(Dataset records)
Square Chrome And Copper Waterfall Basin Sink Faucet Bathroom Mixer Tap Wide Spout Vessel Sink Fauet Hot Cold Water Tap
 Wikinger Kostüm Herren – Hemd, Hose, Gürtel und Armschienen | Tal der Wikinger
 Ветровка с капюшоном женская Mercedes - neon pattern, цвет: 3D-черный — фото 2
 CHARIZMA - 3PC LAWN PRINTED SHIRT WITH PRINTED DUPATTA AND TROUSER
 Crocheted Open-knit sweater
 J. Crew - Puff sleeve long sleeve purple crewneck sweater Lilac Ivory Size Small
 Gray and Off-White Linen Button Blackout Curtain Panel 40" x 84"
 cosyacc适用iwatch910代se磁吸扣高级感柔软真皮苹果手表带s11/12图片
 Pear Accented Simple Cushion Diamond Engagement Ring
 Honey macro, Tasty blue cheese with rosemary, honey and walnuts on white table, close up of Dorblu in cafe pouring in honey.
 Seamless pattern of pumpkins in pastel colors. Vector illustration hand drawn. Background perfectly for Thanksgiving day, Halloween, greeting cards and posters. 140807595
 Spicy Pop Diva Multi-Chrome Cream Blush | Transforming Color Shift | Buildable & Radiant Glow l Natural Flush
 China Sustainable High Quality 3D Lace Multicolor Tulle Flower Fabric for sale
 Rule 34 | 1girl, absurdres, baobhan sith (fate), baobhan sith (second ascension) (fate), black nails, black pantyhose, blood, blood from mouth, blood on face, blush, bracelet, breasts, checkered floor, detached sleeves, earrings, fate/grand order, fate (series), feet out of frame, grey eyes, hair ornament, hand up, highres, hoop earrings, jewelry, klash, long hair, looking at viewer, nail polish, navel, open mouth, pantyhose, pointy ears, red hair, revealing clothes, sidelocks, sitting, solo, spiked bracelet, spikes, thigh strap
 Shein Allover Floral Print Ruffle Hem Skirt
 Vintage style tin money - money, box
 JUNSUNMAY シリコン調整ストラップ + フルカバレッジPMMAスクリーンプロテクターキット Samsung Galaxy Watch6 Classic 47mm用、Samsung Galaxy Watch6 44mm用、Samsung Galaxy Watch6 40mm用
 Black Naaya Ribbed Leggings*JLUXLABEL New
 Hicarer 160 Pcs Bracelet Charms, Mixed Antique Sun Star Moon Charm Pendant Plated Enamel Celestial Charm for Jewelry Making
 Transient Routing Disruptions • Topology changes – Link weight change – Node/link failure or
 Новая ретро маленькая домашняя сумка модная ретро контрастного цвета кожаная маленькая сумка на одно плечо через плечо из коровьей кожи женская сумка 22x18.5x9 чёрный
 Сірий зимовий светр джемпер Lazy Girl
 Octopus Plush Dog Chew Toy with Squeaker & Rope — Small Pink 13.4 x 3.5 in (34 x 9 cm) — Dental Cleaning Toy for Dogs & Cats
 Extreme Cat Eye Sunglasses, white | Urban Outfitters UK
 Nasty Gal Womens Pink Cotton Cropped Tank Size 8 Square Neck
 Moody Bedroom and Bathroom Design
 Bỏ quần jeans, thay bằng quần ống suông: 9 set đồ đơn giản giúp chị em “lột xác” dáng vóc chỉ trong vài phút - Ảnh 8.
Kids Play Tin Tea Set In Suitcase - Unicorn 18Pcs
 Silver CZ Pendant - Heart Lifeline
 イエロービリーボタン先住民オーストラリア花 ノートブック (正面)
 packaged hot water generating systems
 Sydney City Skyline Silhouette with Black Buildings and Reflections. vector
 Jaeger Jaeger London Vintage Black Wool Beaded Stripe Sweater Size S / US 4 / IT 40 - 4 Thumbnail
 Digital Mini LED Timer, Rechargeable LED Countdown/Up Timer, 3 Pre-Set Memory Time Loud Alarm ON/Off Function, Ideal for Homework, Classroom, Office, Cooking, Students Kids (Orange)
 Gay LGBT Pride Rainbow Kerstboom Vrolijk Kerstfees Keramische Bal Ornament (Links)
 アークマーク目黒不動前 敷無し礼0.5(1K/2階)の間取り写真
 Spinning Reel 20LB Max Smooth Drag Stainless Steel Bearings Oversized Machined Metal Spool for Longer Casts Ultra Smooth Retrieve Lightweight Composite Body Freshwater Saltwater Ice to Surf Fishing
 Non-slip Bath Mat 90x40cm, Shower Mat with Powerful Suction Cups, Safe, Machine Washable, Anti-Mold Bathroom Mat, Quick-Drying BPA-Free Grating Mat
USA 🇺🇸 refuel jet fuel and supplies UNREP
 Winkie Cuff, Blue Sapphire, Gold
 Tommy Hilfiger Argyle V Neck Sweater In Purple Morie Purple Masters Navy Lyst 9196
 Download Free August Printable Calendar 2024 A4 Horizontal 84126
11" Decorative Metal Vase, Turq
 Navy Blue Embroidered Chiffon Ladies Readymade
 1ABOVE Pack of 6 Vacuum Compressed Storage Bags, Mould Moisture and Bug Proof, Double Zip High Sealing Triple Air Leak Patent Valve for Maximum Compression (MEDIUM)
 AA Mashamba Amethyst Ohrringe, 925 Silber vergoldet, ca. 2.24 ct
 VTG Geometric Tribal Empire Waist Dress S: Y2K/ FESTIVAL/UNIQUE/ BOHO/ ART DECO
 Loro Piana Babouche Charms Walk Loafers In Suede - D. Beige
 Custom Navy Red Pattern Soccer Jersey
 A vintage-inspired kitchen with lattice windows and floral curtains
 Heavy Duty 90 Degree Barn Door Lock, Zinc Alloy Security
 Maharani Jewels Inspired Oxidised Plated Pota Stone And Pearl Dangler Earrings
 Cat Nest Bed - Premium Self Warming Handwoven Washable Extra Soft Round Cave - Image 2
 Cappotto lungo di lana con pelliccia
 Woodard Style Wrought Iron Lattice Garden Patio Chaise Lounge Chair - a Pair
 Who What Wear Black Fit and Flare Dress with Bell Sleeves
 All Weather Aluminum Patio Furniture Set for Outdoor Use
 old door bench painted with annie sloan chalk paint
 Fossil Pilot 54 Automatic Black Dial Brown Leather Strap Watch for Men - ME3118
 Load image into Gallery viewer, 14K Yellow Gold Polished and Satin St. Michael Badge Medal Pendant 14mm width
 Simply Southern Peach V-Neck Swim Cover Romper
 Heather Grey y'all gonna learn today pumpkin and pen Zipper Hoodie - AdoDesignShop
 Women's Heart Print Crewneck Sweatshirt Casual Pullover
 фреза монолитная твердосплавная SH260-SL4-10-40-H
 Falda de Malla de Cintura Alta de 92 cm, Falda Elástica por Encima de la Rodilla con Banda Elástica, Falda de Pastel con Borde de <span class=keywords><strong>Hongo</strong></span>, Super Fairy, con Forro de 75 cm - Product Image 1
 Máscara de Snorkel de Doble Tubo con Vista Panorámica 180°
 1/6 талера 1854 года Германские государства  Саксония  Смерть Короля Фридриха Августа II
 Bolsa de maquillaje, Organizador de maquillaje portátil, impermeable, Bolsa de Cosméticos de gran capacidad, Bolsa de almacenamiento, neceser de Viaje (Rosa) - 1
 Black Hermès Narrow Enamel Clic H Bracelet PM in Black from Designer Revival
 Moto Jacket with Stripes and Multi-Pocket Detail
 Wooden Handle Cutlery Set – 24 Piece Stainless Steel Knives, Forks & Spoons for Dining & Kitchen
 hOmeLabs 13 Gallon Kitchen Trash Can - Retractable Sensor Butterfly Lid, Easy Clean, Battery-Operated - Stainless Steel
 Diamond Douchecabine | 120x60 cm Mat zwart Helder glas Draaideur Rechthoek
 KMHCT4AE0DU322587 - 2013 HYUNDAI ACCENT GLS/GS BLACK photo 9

▶ PROBLEM STATEMENT: Using only the entries above, output the line with "All Weather Aluminum", the line with "Falda de Malla", and all lines between them, exactly as they stand.

▶ TASK OUTPUT:
 All Weather Aluminum Patio Furniture Set for Outdoor Use
 old door bench painted with annie sloan chalk paint
 Fossil Pilot 54 Automatic Black Dial Brown Leather Strap Watch for Men - ME3118
 Load image into Gallery viewer, 14K Yellow Gold Polished and Satin St. Michael Badge Medal Pendant 14mm width
 Simply Southern Peach V-Neck Swim Cover Romper
 Heather Grey y'all gonna learn today pumpkin and pen Zipper Hoodie - AdoDesignShop
 Women's Heart Print Crewneck Sweatshirt Casual Pullover
 фреза монолитная твердосплавная SH260-SL4-10-40-H
 Falda de Malla de Cintura Alta de 92 cm, Falda Elástica por Encima de la Rodilla con Banda Elástica, Falda de Pastel con Borde de <span class=keywords><strong>Hongo</strong></span>, Super Fairy, con Forro de 75 cm - Product Image 1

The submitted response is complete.